**Supplied records**
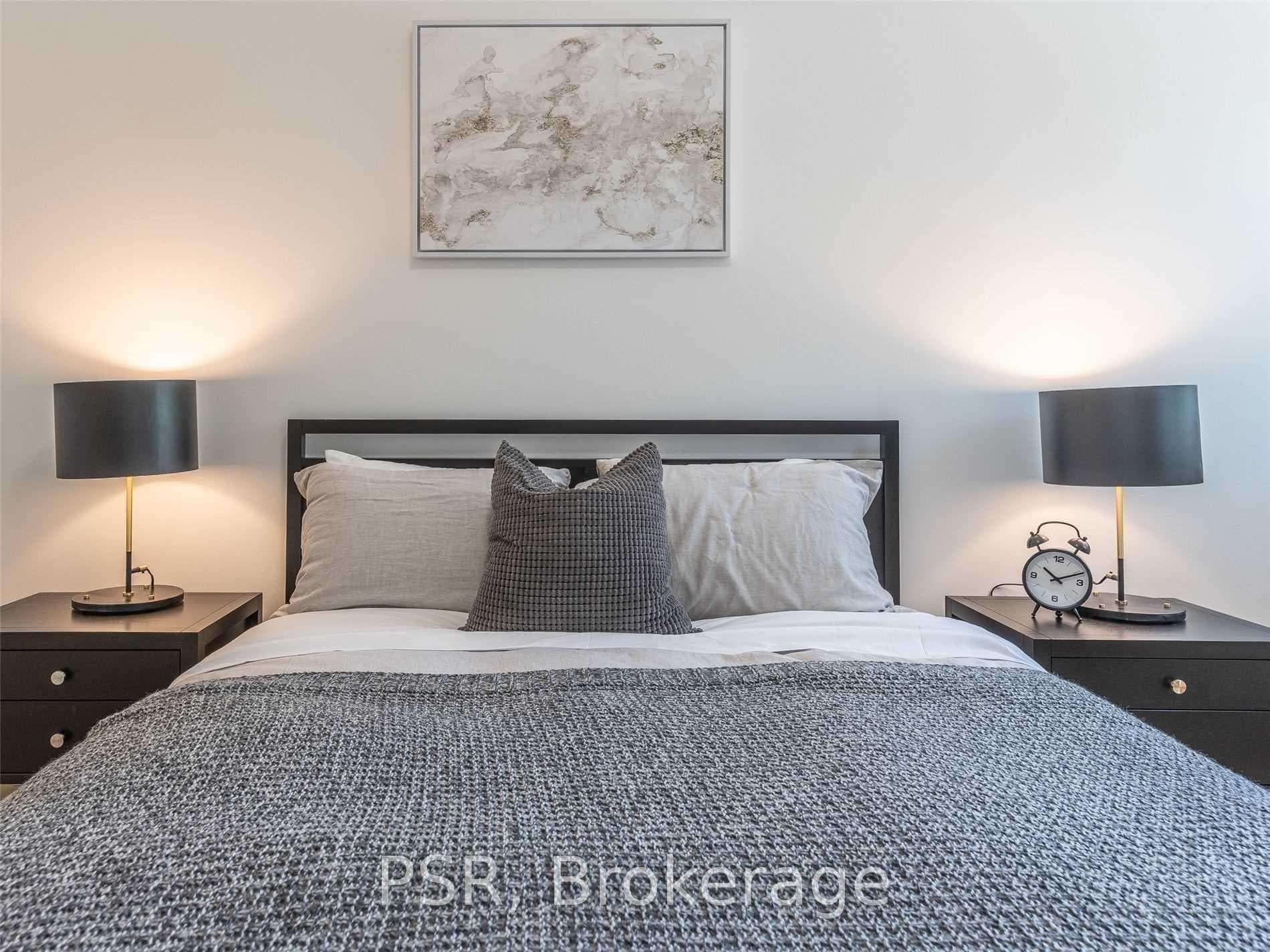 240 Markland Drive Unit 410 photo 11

...

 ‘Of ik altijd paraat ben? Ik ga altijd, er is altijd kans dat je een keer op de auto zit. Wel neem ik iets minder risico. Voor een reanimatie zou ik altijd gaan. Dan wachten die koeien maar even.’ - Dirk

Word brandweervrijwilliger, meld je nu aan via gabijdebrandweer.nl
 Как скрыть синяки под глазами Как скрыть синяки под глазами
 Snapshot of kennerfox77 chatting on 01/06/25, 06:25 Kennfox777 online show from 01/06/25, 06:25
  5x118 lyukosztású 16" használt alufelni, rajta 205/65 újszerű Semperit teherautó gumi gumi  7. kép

==

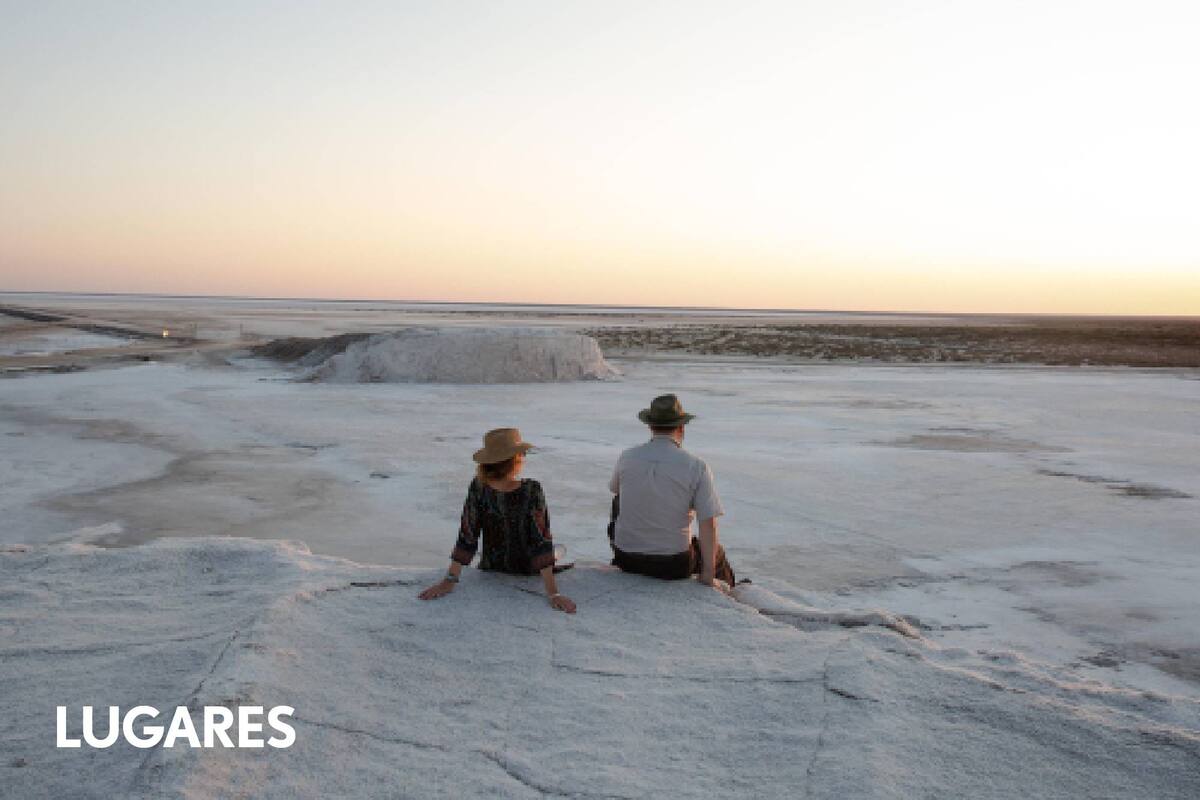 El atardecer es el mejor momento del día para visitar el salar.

**What this task involves**
Please copy, exactly as written, every line in the listing above from the line with "Word brandweervrijwilliger, meld" up to and including the line with "Snapshot of kennerfox77".

**Output of the exercise**
Word brandweervrijwilliger, meld je nu aan via gabijdebrandweer.nl
 Как скрыть синяки под глазами Как скрыть синяки под глазами
 Snapshot of kennerfox77 chatting on 01/06/25, 06:25 Kennfox777 online show from 01/06/25, 06:25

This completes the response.